Mr Basuki, a political ally of President Joko Widodo, serves as the chief of Pertamina’s board of commissioners, whose job is to supervise the board of directors. He is also a member of the ruling Indonesian Democratic Party of Struggle.

Pertamina is among 140 companies that come under the State-Owned Enterprise Ministry.

Mr Basuki said Indonesia should establish a super holding company for state-controlled firms, like Singapore’s sovereign wealth fund Temasek.

“The State-Owned Enterprise Ministry should be disbanded… and we (should) instead have Indonesia Incorporation, like (Singapore has) Temasek,” Mr Basuki said in the 61/2-minute YouTube video uploaded last Monday.

He also singled out another state-owned company that tried to charge Pertamina a 500-billion rupiah (S$45 million) fee for a “going-into-a-paperless-office project”.

Pertamina’s management, Mr Basuki said, had unduly ignored offers by private investors to work together to build oil refineries, which Indonesia badly needs in order to cut its dependency on fuel imports.

He also said Pertamina could have tapped into at least 12 potential oil blocks for exploration domestically rather than venturing overseas and buying foreign assets.

Building refineries is a programme Mr Joko wishes Pertamina to undertake expeditiously.

Mr Basuki took issue as well with the fact that underperforming Pertamina senior officials were sacked from their respective posts but continued to receive the same fat salaries merely on grounds of seniority.

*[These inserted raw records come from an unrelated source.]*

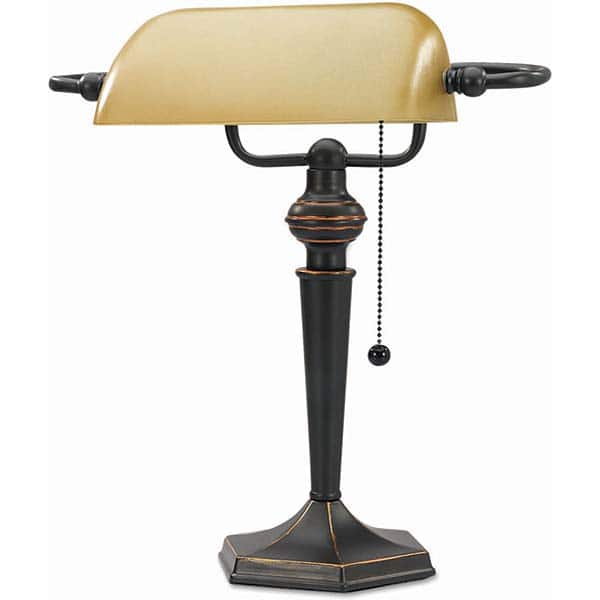 Task Light: Compact Fluorescent & LED, 6.38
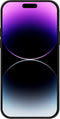 Valenta Back Cover MagSafe - Leer - Apple iPhone 14 Pro Max Black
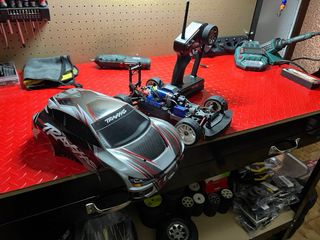Auto RC Traxxas 1/16 Brushless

Mr Basuki, an ethnic Chinese who is a Christian, had been accused of blasphemy by political opponents, after he made a speech in September 2016 that referred to a Quranic verse. He was convicted and later sentenced to two years in prison for blasphemy in 2017.

After he was released from prison, Mr Basuki was appointed by Mr Joko to the position of chief commissioner of Pertamina, one of the country’s most strategic state companies that had been often plagued by inefficiency and corruption.

The YouTube video posted last week has garnered 1.2 million views. In it, Mr Basuki said that those resisting him are wrongly accusing him of creating disharmony and chaos in Pertamina, in an effort to unseat him.

Responding to Mr Basuki’s video, Pertamina’s spokesman Fajriyah Usman told the news portal that the company respects the statement made by Mr Basuki, whose job is to supervise the firm’s management.

Ms Usman added that the company is undergoing internal restructuring for improvement.